The theme of accountability was a prominent element of NAB’s 2019 half-year result, released today, with interim chief executive Philip Chronican vowing to “confront broader issues of how we treat customers, and the accountability, governance and culture inside the bank”.
The Hayne royal commission was front of mind as Chronican said winning trust was the first thing on the agenda. A massive remediation bill for the period was the monetary starting point, followed by a focus on “fixing the issues that caused out failures so they don’t happen again”.
“We have around 350 people dedicated to remediating customers and will soon have 500 as we bring greater focus and discipline to resolving issues,” Chronican outlined in a statement on Thursday. “In 1H19 we have taken an additional $525 million (post tax) in charges in connection with increased provisions for customer-related remediation.”

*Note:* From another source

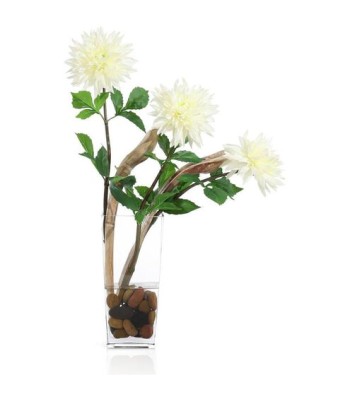 John Richard Ninja Dahlia Wall Art JRB-5586W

“The total remediation to customers, as it stands at March, is $1.1 billion,” Chronican revealed on an investor call this morning. “Obviously it’s in our interests and our customers interests to get that in their hands as soon as possible.”
By comparison, ANZ yesterday announced a $123 million (post tax) remediation bill for the same period, with a $657 million (post tax) remediation bill since 2017.
Part of NAB’s plan is the divestiture of its MLC wealth division, which the bank confirmed is on hiatus until at least the second half of the calendar year.
The bank announced a $20.6 million loss in the consumer banking and wealth division for the period, which chief financial officer Gary Lennon partly attributed to “a continuous shift towards lower margin product”. A commitment to abandon grandfathered commissions is unlikely to improve this position for new MLC head Geoff Lloyd.
Lennon remained upbeat about the MLC split, saying that “the work required to divest is progressing well”, and that Lloyd and his team had completed a full review and found that “opportunities exist to simplify, modernise and then grow the business”.
As part of the bank’s 2019 half-year results the NAB board determined it was “prudent” to reduce the 2019 interim dividend to 83 cents, ostensibly to strengthen the bank’s coffers in the eyes of the Australian Prudential Banking Regulator.
Aside from the looming constraints of APRA’s ‘Unquestionably Strong Capital’ requirements from 2020, Chronican acknowledged on an investor call this morning that “a more difficult operating environment”, lending losses and the large remediation bill had impacted the bank.
NAB’s revenue for the 6-months remained broadly flat at $8.8 billion, with a statutory profit line of just under $2.7 billion.